**WORK TO COMPLETE:** Without the pictures, print the lines from the one holding "Porte-savon blanc en corde" through the last line below, both included, exactly as they stand.

**DATA FOR THIS EXERCISE:**
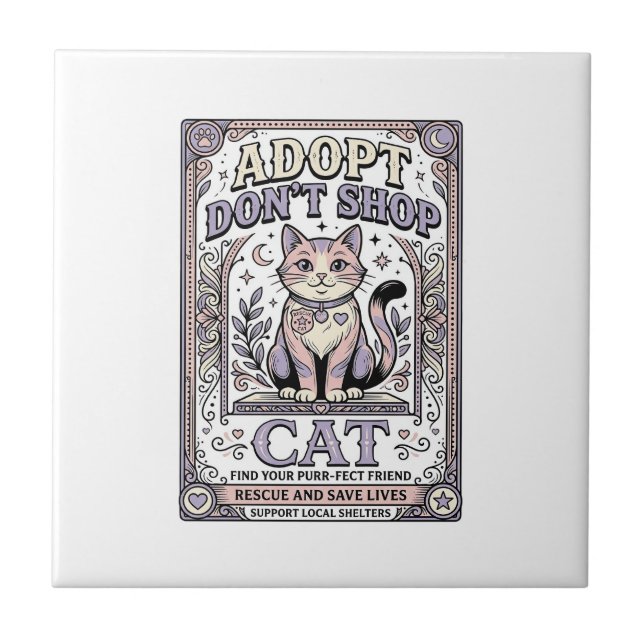 Adote Não Compre Gato Resgate de Gatos Adoção Vint (Frente)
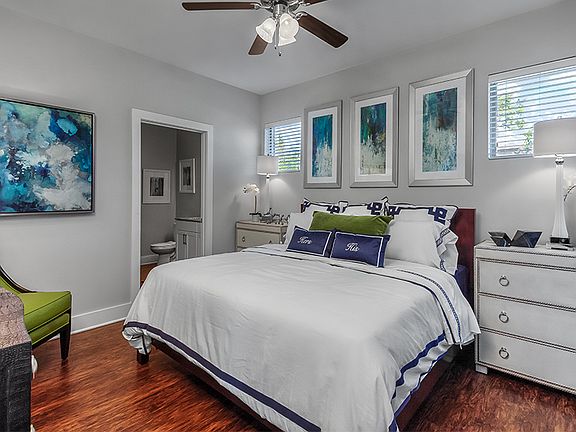 Bedrooms with ceiling fans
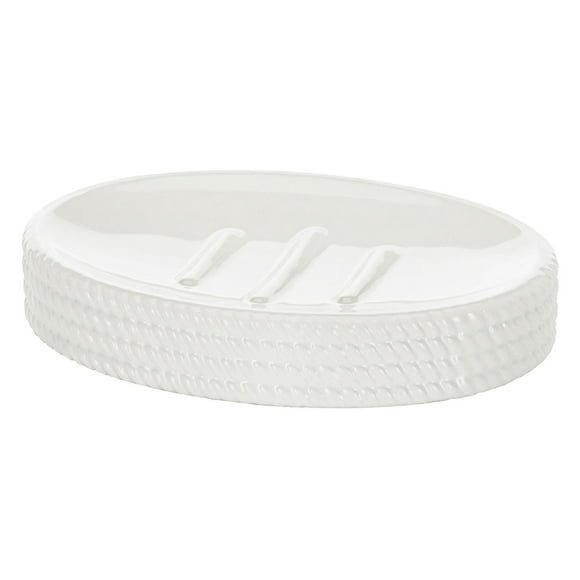 Porte-savon blanc en corde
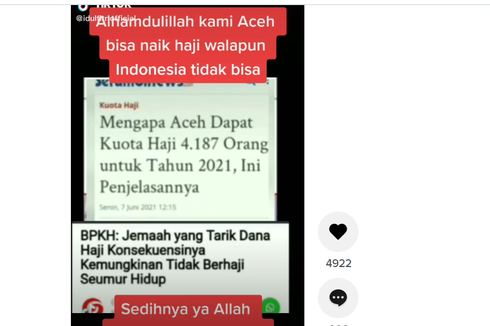 Beredar Klaim Aceh Dapat Kuota Haji, Benarkah? Ini Kata Kemenag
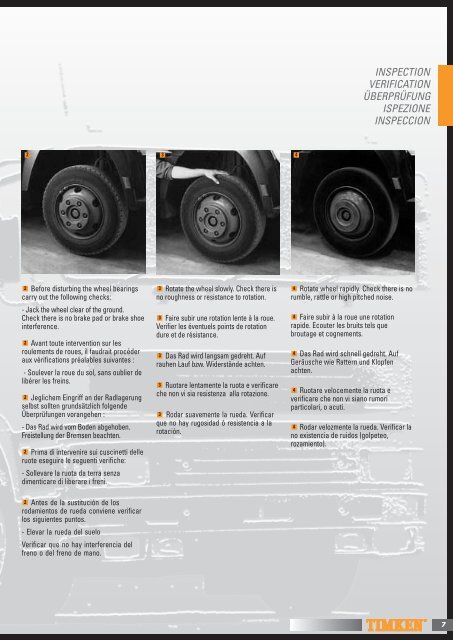 Truck Wheel Bearings - Prema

**EXERCISE ANSWER:**
 Porte-savon blanc en corde
 Beredar Klaim Aceh Dapat Kuota Haji, Benarkah? Ini Kata Kemenag
 Truck Wheel Bearings - Prema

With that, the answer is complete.